Foodie hotspots: Morioka, Hanamaki, Oshu Maesawa, Ichinoseki, Ichidoriya-cho, Yuda Onsen hot spring, Ofunato, Tono.
Foodies Look Out For: Wanko-soba buckwheat noodles; Morioka reimen; Jajamen; Nambu-hitsumi stew; Maesawa beef; Nambu Toji sakes.
The Basics: Iwate often seems to fall under the tourist radar, but with plenty to offer the curious foodie, you might want to check out this part of North-Eastern Tohoku. Especially if you like noodles.
Foodies Go Iwate:
Expect to be greeted at an Iwate restaurant with the salutation Yogu oden shitana han the totally impenetrable local dialect equivalent of “Yoku oide kudasaimashita,” “Welcome to our store”.
The Prefectural city is Morioka. It is the food capital too, and where buckwheat noodle lovers will certainly find Iwate’s famed wanko-soba, though it originated in nearby Hanamaki. It is still found there, and also in Ichinoseki. Served in small bowls, the noodles are delivered at a fast and furious pace one after the other. Try to keep up, and finally signal your satisfaction and/or imminent explosion by covering up your dish, or else the server will just keep adding more.
In February in Hanamaki and in November in Morioka, All-Japan wanko-soba eating contests take place. The champion has managed to consume 383 bowls in ten minutes, despite having a five-minute handicap over her rivals. A great place to sample wanko-soba is at Azumaya Honten in Morioka, wanko-soba specialist in business since Meiji 40. You can try to beat their competition record if you wish.
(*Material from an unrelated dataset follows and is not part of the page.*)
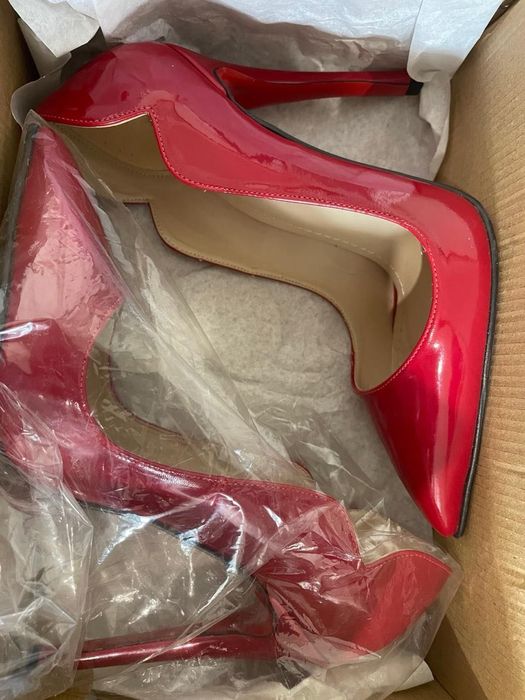 Продам эффектные красные туфли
It’s not against the clock, but you’ll have to surpass their customer Mr Nakashima’s tally, in 1996, of 559 consecutive bowls.
In summer, Morioka city specialises in a different kind of noodle, called Morioka reimen, which are served cold with beef, fruit and Korean kimchee pickles. Indeed, the dish was created in 1954 by a Korean resident chef, and it is uncharacteristically spicy for a Japanese dish. Try it at Seirokaku or Daidoen.
The third style of noodles in the triumvirate of “Three Great Noodles of Morioka” – as they are apparently known – is jajamen. Similar to udon wheat noodles, these originated from a Chinese dish, ja jieng mein, and come with a miso-meat topping. It’s common to add ginger, garlic, perhaps vinegar and a hot peppery oil. Jaja in Shinmei-cho is the place to go.
Nambu-hittsumi is the local nabe hotpot dish containing stewed vegetable dumplings. Oshu city is renowned for its Maesawa-gyu black beef (try Ogata Honten's restaurant Ajishin), and the prefecture also rears in excess of more than thirty varieties of pork, fed on mineral rich vegetables and, in one case, tochucha Chinese leaves, which result in particularly succulent pork.
Nambu-senbei are crackers made from wheat, and flavored with additional ingredients such as peanuts, black sesame or sugar syrup. Savory versions with shrimp or squid also exist.
Yuda Onsen hot spring prides itself on suppon-ryori, cuisine featuring the soft-shelled turtles that are raised in its thermal waters.
The Iwate Budget Gourmet Look out for Kitakami croquettes, the Hanamaki Burger, and various 'Genghis Khan' mutton dishes, such as those found at Jingisukan in Tono.
FGL Favorite Tipple: The Nanbu Toji (Iwate Master Brewers) rose from humble origins in Ishidoriya-cho to become one of the nation’s ‘big three’ unions of sake makers. Make sure to visit the Nanbu Toji Brewer Museum located inside the Hanamaki Ishidoriya Michi-no-Eki for tastings. We especially like Nanbu Bijin, Tsuki no Wa and Washi no O, 'the eagle's tail'.